Edifice.Meta.KTO (Edifice v0.2.0)

KTO: Kahneman-Tversky Optimization for RLHF from binary feedback.

KTO aligns language models using only binary thumbs-up / thumbs-down labels — no preference pairs required. It is based on Kahneman-Tversky Prospect Theory, modelling how humans perceive gains (desirable outputs) and losses (undesirable outputs) asymmetrically.

Key Innovation Over DPO

DPO needs paired (chosen, rejected) responses to the same prompt. KTO only needs a single response labelled desirable (1) or undesirable (0), which is far easier to collect at scale.

Loss Formula

For each sample with policy log-probability log π(y|x) and reference log π_ref(y|x):

KL  = β · (log π(y|x) − log π_ref(y|x))
z   = E_batch[KL]     # partition-function estimate

# Prospect-theory value functions
desirable:    v = σ(KL − z)   → utility of a good response
undesirable:  v = σ(−KL − z)  → disutility of a bad response

# Per-sample loss (minimise negative utility)
L = −λ_D · σ(KL − z)       if label = 1 (desirable)
L = −λ_U · σ(−KL − z)      if label = 0 (undesirable)

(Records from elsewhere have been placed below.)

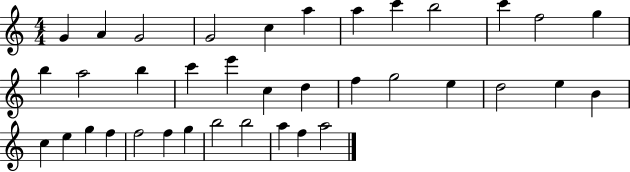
G4/q A4/q G4/h G4/h C5/q A5/q A5/q C6/q B5/h C6/q F5/h G5/q B5/q A5/h B5/q C6/q E6/q C5/q D5/q F5/q G5/h E5/q D5/h E5/q B4/q C5/q E5/q G5/q F5/q F5/h F5/q G5/q B5/h B5/h A5/q F5/q A5/h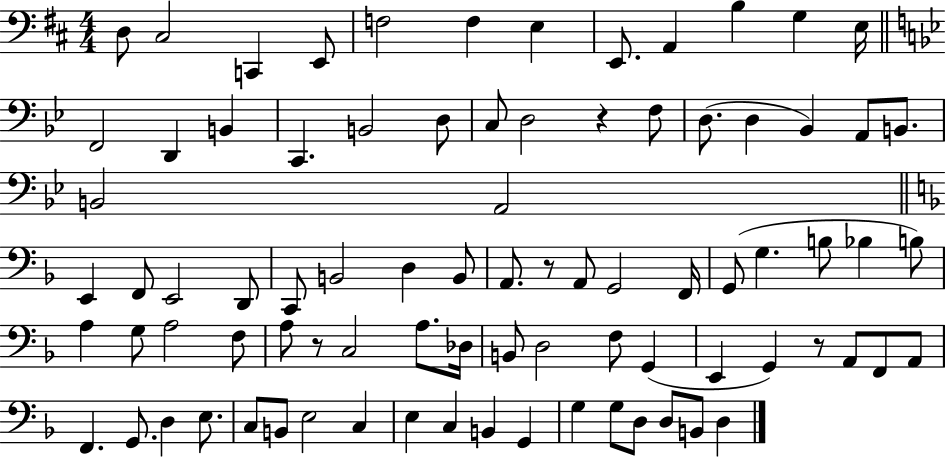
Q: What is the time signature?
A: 4/4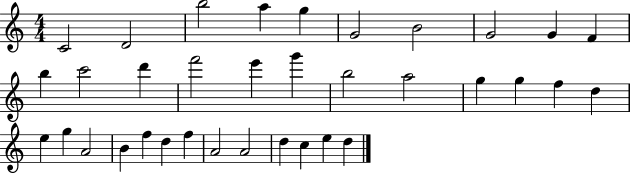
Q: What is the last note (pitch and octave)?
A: D5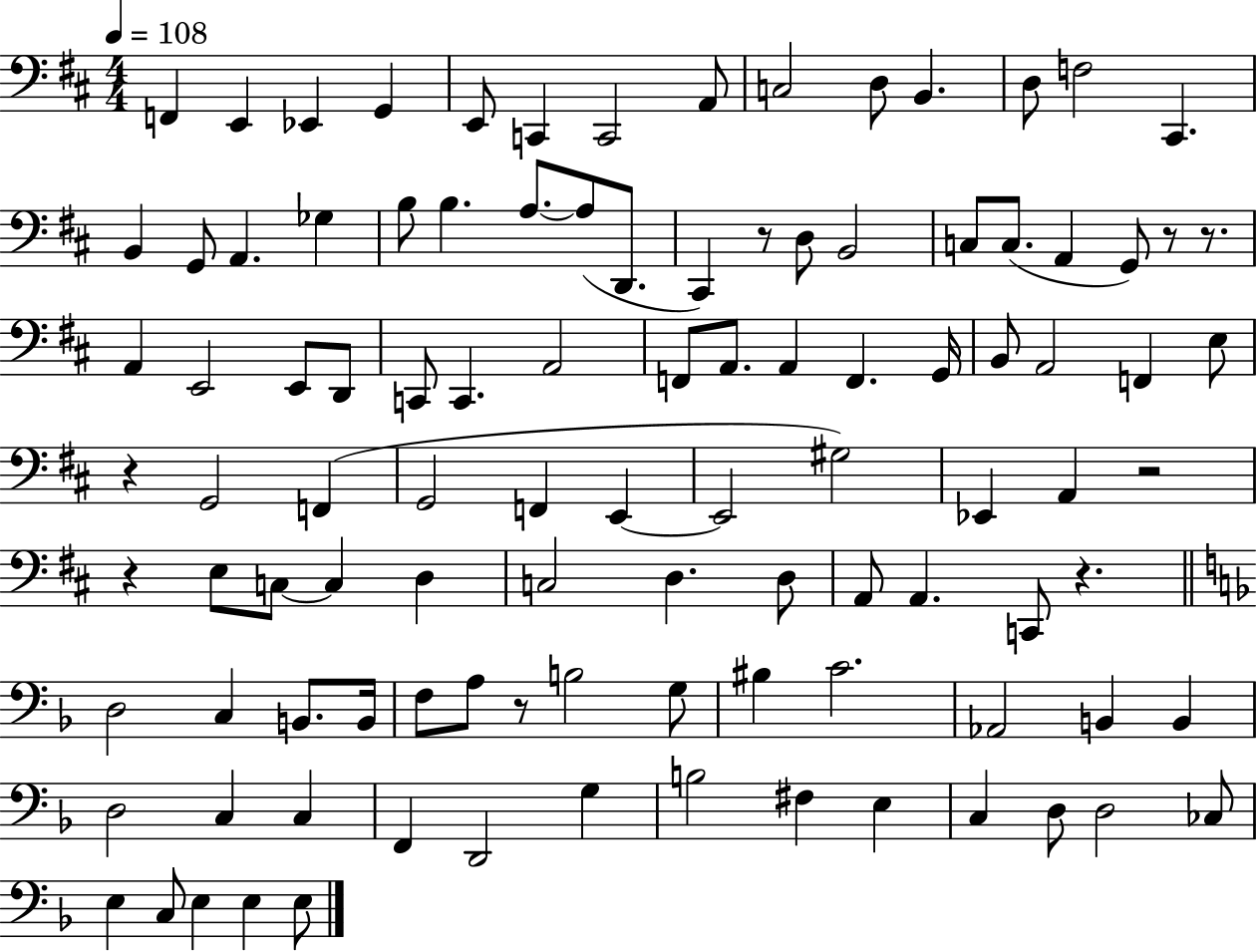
F2/q E2/q Eb2/q G2/q E2/e C2/q C2/h A2/e C3/h D3/e B2/q. D3/e F3/h C#2/q. B2/q G2/e A2/q. Gb3/q B3/e B3/q. A3/e. A3/e D2/e. C#2/q R/e D3/e B2/h C3/e C3/e. A2/q G2/e R/e R/e. A2/q E2/h E2/e D2/e C2/e C2/q. A2/h F2/e A2/e. A2/q F2/q. G2/s B2/e A2/h F2/q E3/e R/q G2/h F2/q G2/h F2/q E2/q E2/h G#3/h Eb2/q A2/q R/h R/q E3/e C3/e C3/q D3/q C3/h D3/q. D3/e A2/e A2/q. C2/e R/q. D3/h C3/q B2/e. B2/s F3/e A3/e R/e B3/h G3/e BIS3/q C4/h. Ab2/h B2/q B2/q D3/h C3/q C3/q F2/q D2/h G3/q B3/h F#3/q E3/q C3/q D3/e D3/h CES3/e E3/q C3/e E3/q E3/q E3/e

λ_D and λ_U allow weighting desirable vs. undesirable feedback.

Architecture

KTO wraps any sequence model; build/1 constructs a decoder-only transformer for language modelling (identical backbone to DPO).

Prompt x
    |
    +--------+---------+
    |                  |
    v                  v
+----------+     +----------+
|  Policy  |     |  Ref     |  (frozen)
| π(y|x)   |     | π_ref(y|x)|
+----------+     +----------+
    |                  |
log_pi             log_ref
    |                  |
    +--------+---------+
             |
             v
      KTO Loss + binary label

Usage

policy = KTO.build(vocab_size: 32000, hidden_size: 512, num_layers: 6)

loss = KTO.kto_loss(
  policy_logprobs,
  ref_logprobs,
  labels,
  beta: 0.1,
  desirable_weight: 1.0,
  undesirable_weight: 1.0
)

References

Ethayarajh et al., "KTO: Model Alignment as Prospect Theoretic Optimization" (2023)
https://arxiv.org/abs/2402.01306

Summary

Types

build_opt()

Options for build/1.

kto_loss_opt()

Options for kto_loss/4.

Functions

build(opts \\ [])

Build a KTO policy model (decoder-only language model).

compute_logprobs(logits, targets, mask \\ nil)

Compute per-sequence log-probabilities from logits and target tokens.

default_beta()

Default beta (KL regularisation coefficient) for KTO.

kto_loss(policy_logprobs, ref_logprobs, labels, opts \\ [])

Compute the KTO loss from binary preference labels.

Types

build_opt()

@type build_opt() ::
  {:dropout, float()}
  | {:hidden_size, pos_integer()}
  | {:max_seq_len, pos_integer()}
  | {:num_heads, pos_integer()}
  | {:num_layers, pos_integer()}
  | {:vocab_size, pos_integer()}

Options for build/1.

kto_loss_opt()

@type kto_loss_opt() ::
  {:beta, float()}
  | {:desirable_weight, float()}
  | {:undesirable_weight, float()}

Options for kto_loss/4.

Functions

build(opts \\ [])

@spec build([build_opt()]) :: Axon.t()

Build a KTO policy model (decoder-only language model).

Options

:hidden_size - Model hidden dimension (default: 512)
:num_layers - Number of transformer layers (default: 6)
:num_heads - Number of attention heads (default: 8)
:vocab_size - Vocabulary size (default: 32000)
:dropout - Dropout rate (default: 0.1)
:max_seq_len - Maximum sequence length for positional encoding (default: 2048)

Returns

An Axon model taking token indices [batch, seq_len] and returning logits [batch, seq_len, vocab_size].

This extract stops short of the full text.